Charter schools. As the number of Massachusetts charter schools grows, the next
governor will have to decide whether
to give them more support. There are currently 46 charter schools in the
Commonwealth - up from 15 in 1995 - with more than 17,000 students enrolled and
13,000 on waiting lists. Free from many of the rules governing regular public
schools, charter schools get taxpayer money for operating costs, but very little
funding for capital costs, such as buildings.
Charter-school advocates will continue to press the state for assistance with
those capital costs.
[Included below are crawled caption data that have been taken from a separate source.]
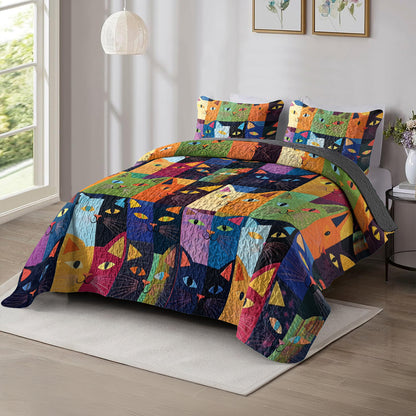 Shineful All Season Quilt 3-Piece Set Artistic Cats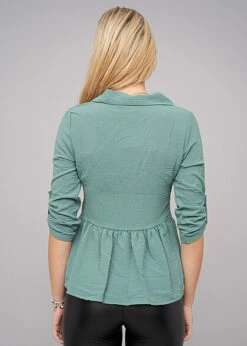 Cloud5ive Damen Turn-Up Schösschen Bluse Mit Knopfleiste Grün 7 Cloud5ive Damen Turn-Up Schösschen Bluse Mit Knopfleiste Grün -Luftig Und Leicht 22046526 2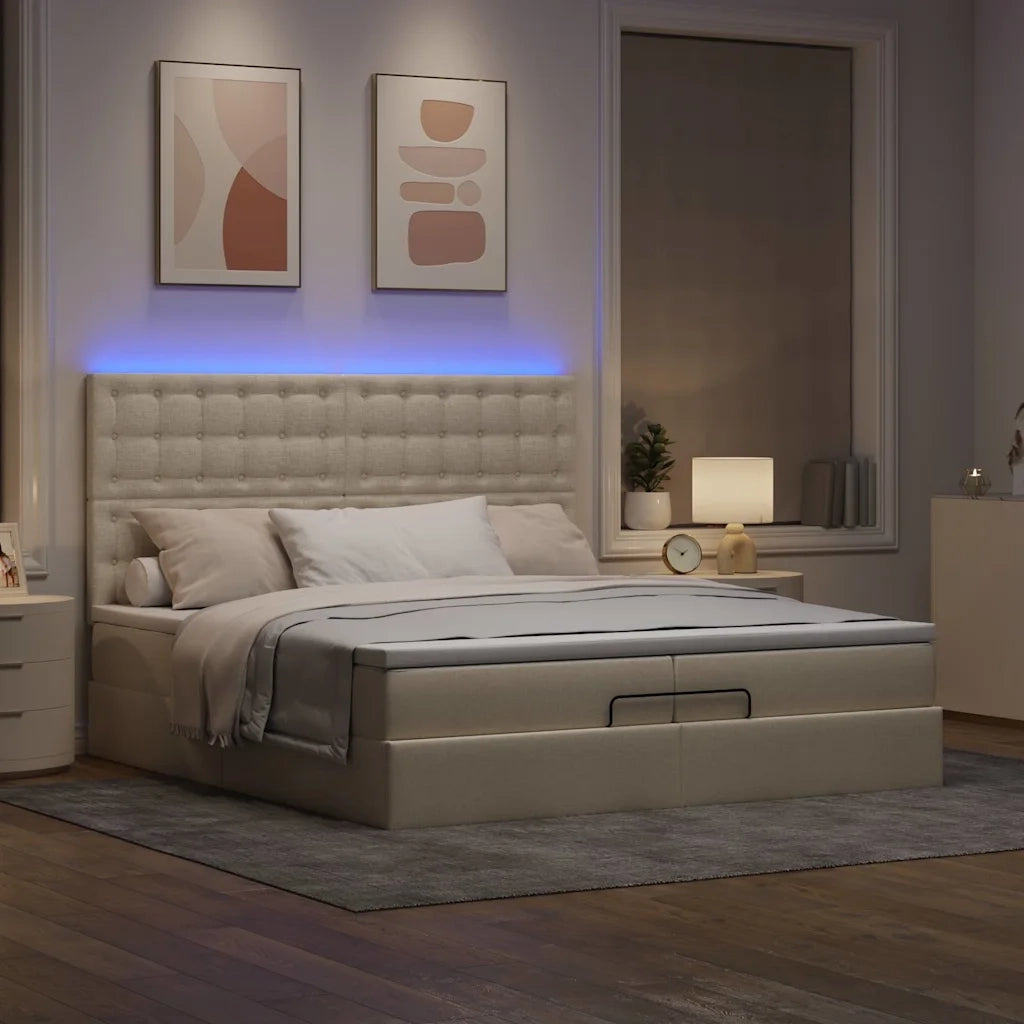 Struttura Letto Pouf con Materassi Crema 200x200 cm in Tessuto 3314202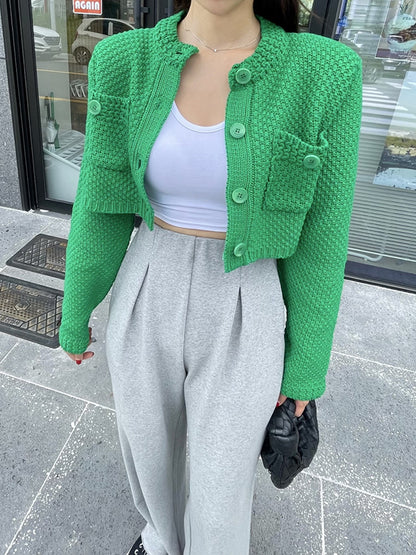 Long Sleeves Buttoned Pockets Solid Color Round-Neck Cardigan Tops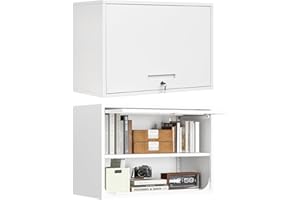 MIIIKO Wall Cabinet with Door and Shelf, Wall Mounted Metal Storage Cabinets, Locking White Floating Cabinet for Garage, Home Office, Kitchen and Pantry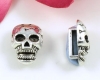 Gro�lochperle Metall Slider Totenkopf - 1 St�ck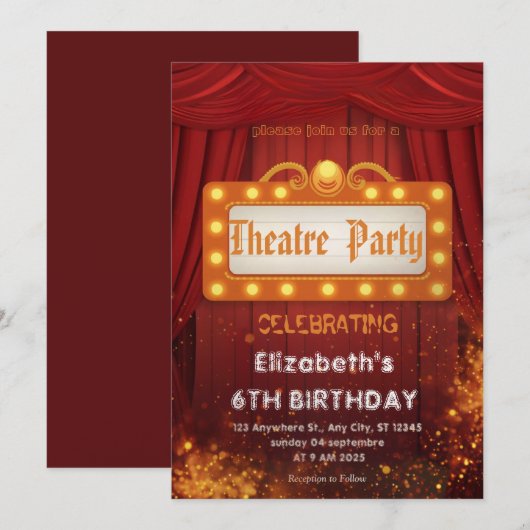 Theater Marquee Feest Uitnodiging – Verjaardagsuit (Voorkant / Achterkant)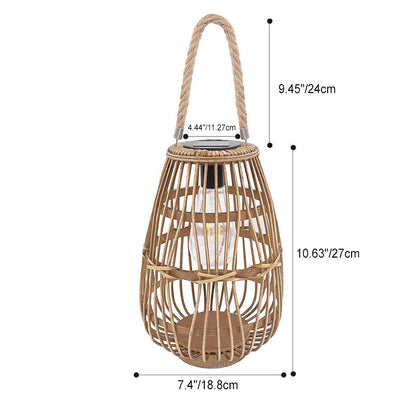 Contemporary Retro Hemp Rope Rattan Weaving Cage LED Solar Waterproof Standing Floor Lamp For Garden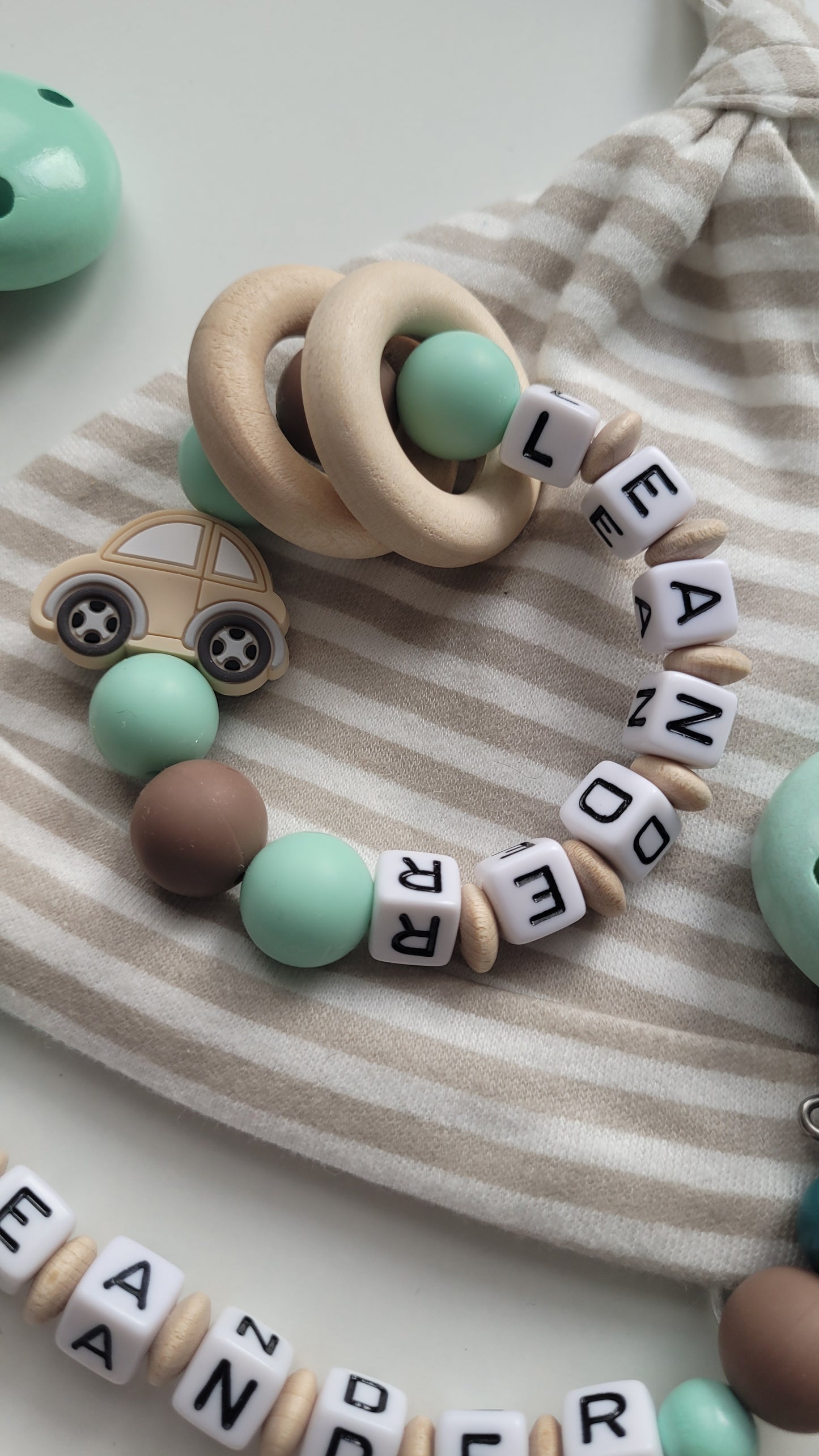 3er Set Schnullerkette Kinderwagenkette & Beissring mit Namen Autos mint petrol braun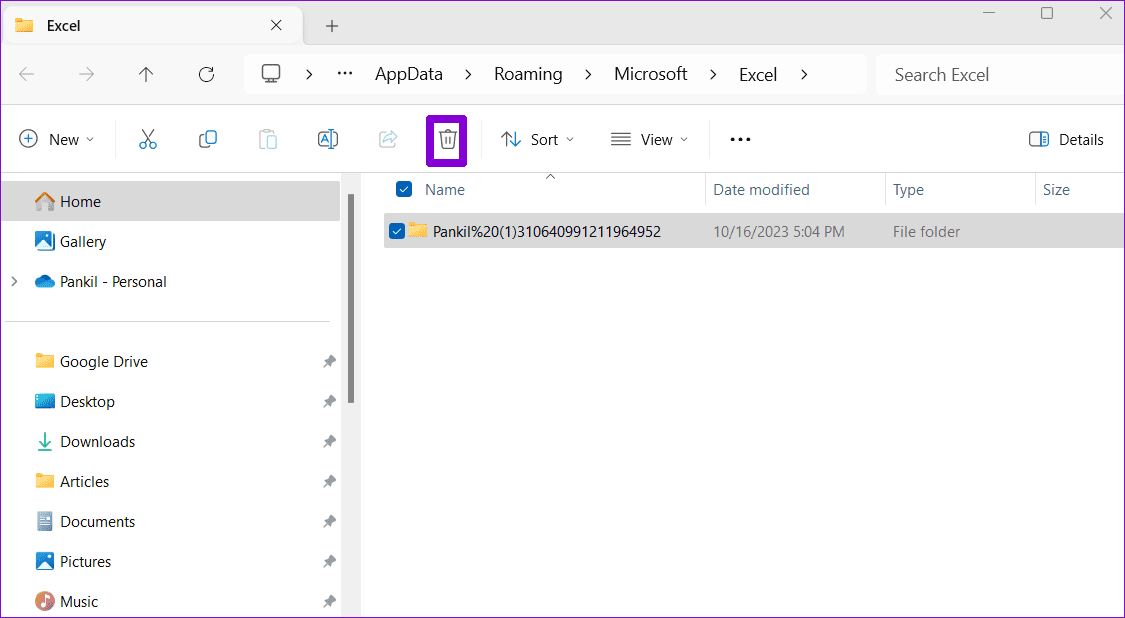 app data excel folder windows 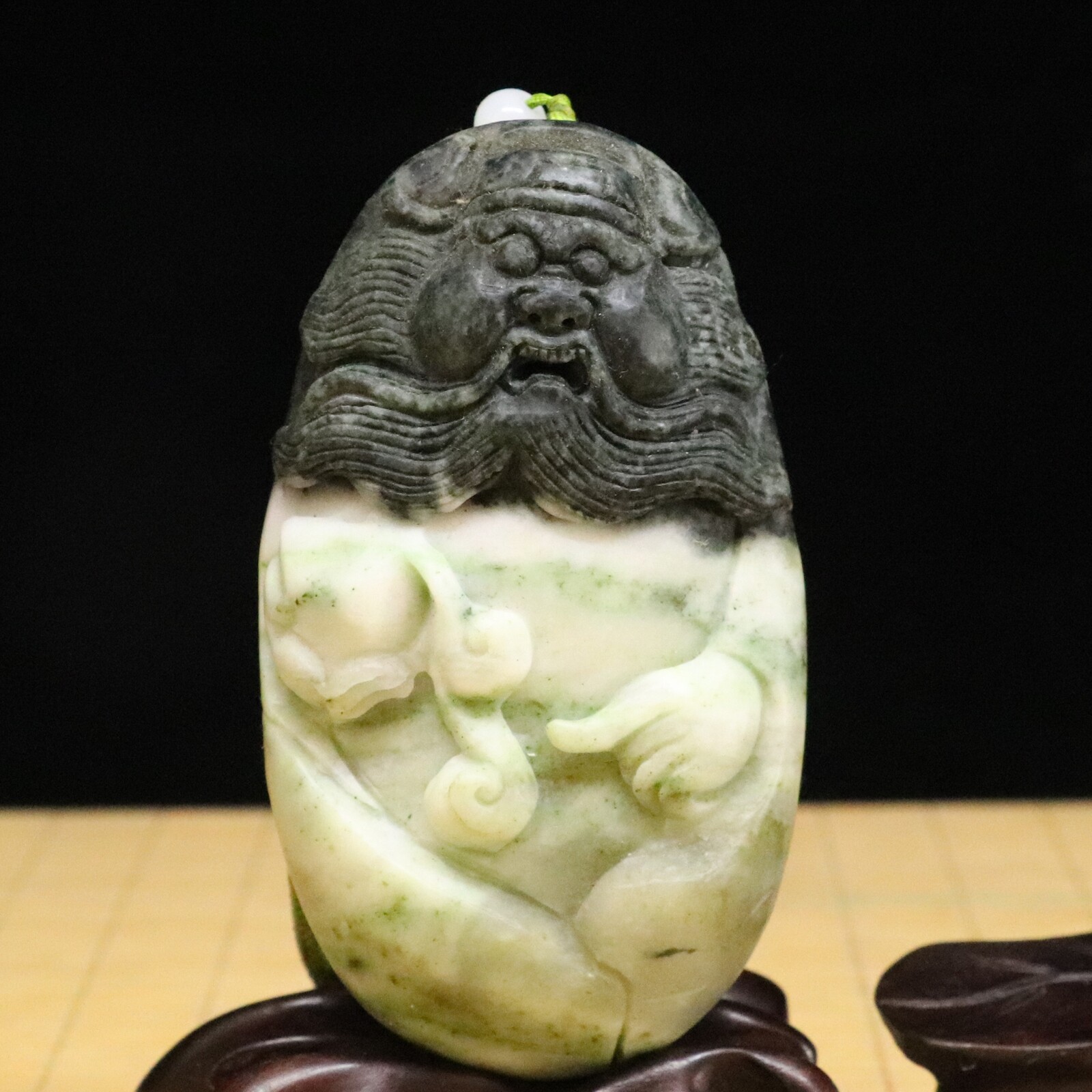 Chinese Natural Dushan Jade HandCarved Exquisite Zhong Kui Statue 92041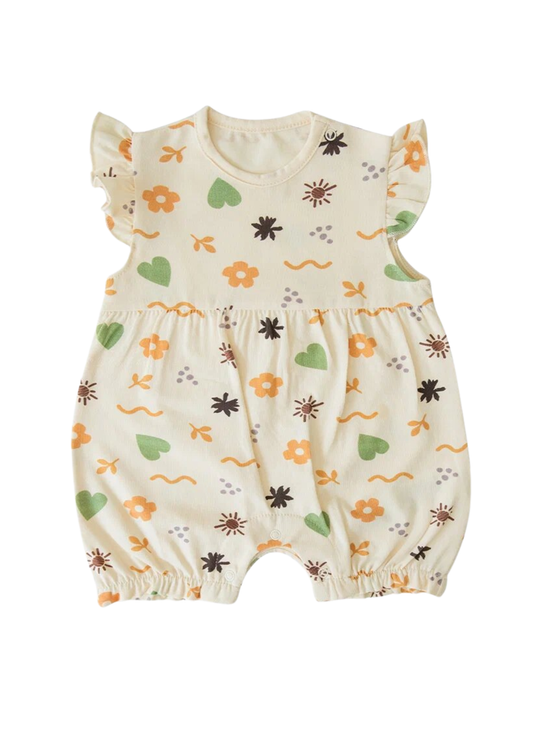 Salopeta Scurta Bej cu Flori Portocalii S60178 Kitikate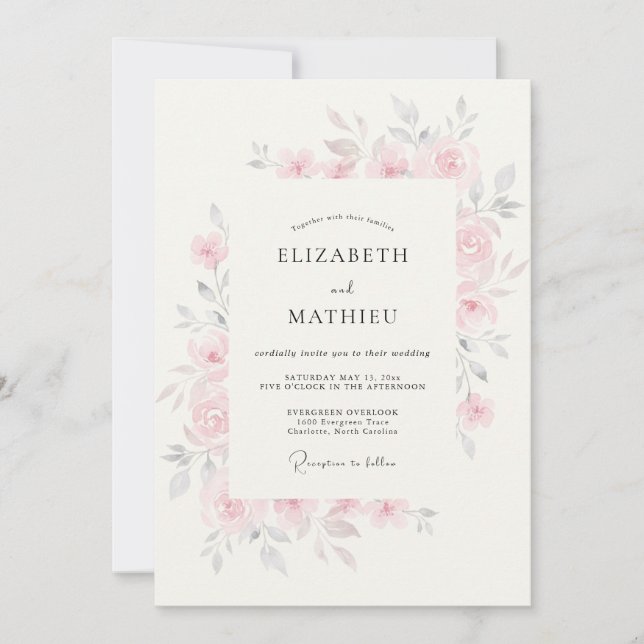 Invitation Mariage Fleur Rose Pâle Aérienne (Devant)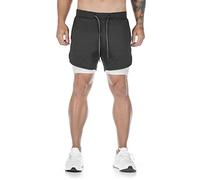 RLKHXBS Shorts Men's Gym Fitness Bodybuilding Training Quick-Drying Shorts Men's Jogging Running Sports 2-in-1 Shorts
On the other side,
school districts will push the next governor to restore the program that
compensated them for losing students to charter
schools - a casualty of Acting Governor Jane Swift's veto pen.
School vouchers. Now that the US Supreme Court has ruled that school vouchers
are constitutional, supporters hope
the next governor will push to overturn the state constitution's ''anti-aid''
provision, which prohibits public aid to private
schools.
Bilingual education. Finally, if the November ballot initiative scrapping
bilingual education passes, the next governor will
have to decide how vigorously to enforce the new law, which would call for a
single year of English ''immersion'' before full integration into regular
classrooms.
This story ran on page A1 of the Boston Globe on 10/8/2002.